Calmy-Rey wants parliament to grant a SFr240 million credit for peace-building efforts Keystone

Michelin Calmy-Rey faces her first test as Switzerland's new foreign minister on Monday when she is to present her policy priorities to a parliamentary commission.

This content was published on January 11, 2003

She is widely expected to confirm a commitment to promote peace which Switzerland made when it joined the United Nations last year.

"Like many other countries, France is waiting on Switzerland to implement its humanitarian-based policies now that it is a member of the UN," Stéphane Schorderet, spokesman for the French Mission at the UN told swissinfo.
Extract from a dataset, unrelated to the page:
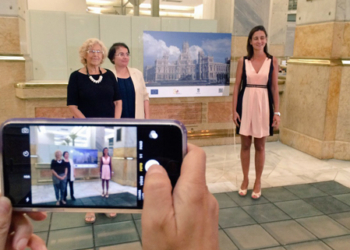 La exposición ‘Cómo hemos cambiado’ conmemora 30 años de España en la UE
The French foreign minister, Dominique de Villepin, said as much when Switzerland was admitted to the UN last September.

Calmy-Rey is due to present her dossier to the foreign affairs commission of the House of Representatives on Monday.

She will also put forward a government request to parliament for a credit of SFr240 million ($160 million) to help pay for policy initiatives.

Humanitarian policy

Analysts say Calmy-Rey is likely to follow her predecessors and present a policy focused on defending human rights and promoting peace.

"No doubt she will follow in the footsteps of her predecessors rather than make waves," Victor-Yves Ghebali, professor at the Graduate Institute of International Studies in Geneva, told swissinfo

"The room for manoeuvre in any case is very limited," he added.


Non-governmental organisations are keen for Switzerland to use its neutral status to lead peace efforts in conflict areas around the world.

"We hope especially in the Iraq crisis and the Israeli-Palestinian conflict that Switzerland will strongly press all parties to respect international humanitarian law," said Alain Bovard of the Swiss section of Amnesty International.

"There have been calls for the Swiss foreign ministry to venture beyond its humanitarian-orientated policy. We hope that Calmy-Rey will resist such calls," he added.

Eric Sottas of the World Organisation Against Torture believes that, as a member of the UN, Switzerland should actively seek to mediate or facilitate negotiations in places like the Middle East and Africa.

Coherent policy

Sottas said he hoped Calmy-Rey would deliver a more coherent Swiss foreign policy.

"Switzerland can no longer repatriate asylum seekers to countries deemed safe by the Federal Office for Refugees, and yet criticise those countries for violating human rights.

"It is equally incoherent that the economics minister supports certain policies that might pave the way for human rights principles to be contravened."

Amnesty's Bovard said a key step towards forming a more coherent foreign policy would be for Calmy-Rey to push for the creation of a federal human rights commission.

The dossier Calmy-Rey is putting before parliament will largely be the work of her predecessor, Joseph Deiss, since she only took office at the start of the year.

But her every word will be scrutinised on Monday for clues to her own agenda and priorities.

swissinfo, Frédéric Burnand in Geneva

In brief

Calmy-Rey is expected to follow her predecessor's policy of defending human rights and promoting peace.

Human rights groups are keen for Switzerland to use its neutral status to lead peace efforts in conflict areas around the world.

They also want a "more coherent" Swiss foreign policy. They criticise the government for sending asylum seekers back to countries which it condemns for violating human rights.